+2
Hz. Musa ve genç yardımcısının “iki denizin birleştiği yere” yaptıkları yolculuk
Hani Musa genç yardımcısına demişti: "iki denizin birleştiği yere ulaşıncaya kadar gideceğim ya da uzun zamanlar geçireceğim." (Kehf Suresi, 60)
Bu ayette kullanılan "genç" kelimesi ile, bir iş yapılırken genç insanların da yardımını almanın ve onlarla birlikte hareket etmenin önemine işaret ediliyor olabilir.
Gençlerin yaşlarının getirdiği enerjilerini, dinamizmlerini, güçlerini, şevk ve heyecanlarını Allah rızası için hayır işlerinde kullanmalarını teşvik etmek gereklidir. Nitekim ayetlerde de bu konuya dikkat çekilmekte, Hz. Musa'ya kavminden sadece bir bölüm gencin iman ettiğinden bahsedilmektedir:
Sonunda Musa'ya kendi kavminin bir zürriyetinden (gençlerinden) başka -Firavun ve önde gelen çevresinin kendilerini belalara çarptırmaları korkusuyla- iman eden olmadı. Çünkü Firavun, gerçekten yeryüzünde büyüklenen bir zorba ve gerçekten ölçüyü taşıranlardandı. (Yunus Suresi, 83)
Kehf Suresi'nin 60. ayetinde dikkat çekilen bir diğer konu ise Hz. Musa'nın üzerinde durduğu buluşma yeridir. Hz. Musa çıktığı yolculukta bir kişiyle buluşmayı hedeflemektedir ve kendisine bu buluşma yerinin "iki denizin birleştiği bir bölge" olarak bildirildiği anlaşılmaktadır. Hz. Musa'nın bahsettiği yer de dünya üzerinde bu tarife uyan bölgelerden herhangi birinde bulunabilir.

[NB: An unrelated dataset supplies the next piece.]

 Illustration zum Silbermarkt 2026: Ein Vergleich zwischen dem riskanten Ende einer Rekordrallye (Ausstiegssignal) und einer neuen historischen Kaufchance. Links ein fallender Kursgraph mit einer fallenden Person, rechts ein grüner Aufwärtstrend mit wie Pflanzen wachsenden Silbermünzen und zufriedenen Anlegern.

Balık, buluşma yerinin tam olarak belirlenmesinde bir işaret olmuştur
Böylece ikisi, iki (deniz)in birleştiği yere ulaşınca balıklarını unutuverdiler; (balık) denizde bir akıntıya doğru (veya bir menfez bulup) kendi yolunu tuttu. (Varmaları gereken yere gelip) Geçtiklerinde (Musa) genç-yardımcısına dedi ki: "Yemeğimizi getir bize, andolsun, bu yaptığımız-yolculuktan gerçekten yorulduk." (Genç-yardımcısı) Dedi ki: "Gördün mü, kayaya sığındığımızda, ben balığı unuttum. Onu hatırlamamı şeytandan başkası bana unutturmadı; o da şaşılacak tarzda denizde kendi yolunu tuttu." (Musa) Dedi ki: "Bizim de aradığımız buydu." Böylelikle ikisi izleri üzerinde geriye doğru gittiler. (Kehf Suresi, 61-64)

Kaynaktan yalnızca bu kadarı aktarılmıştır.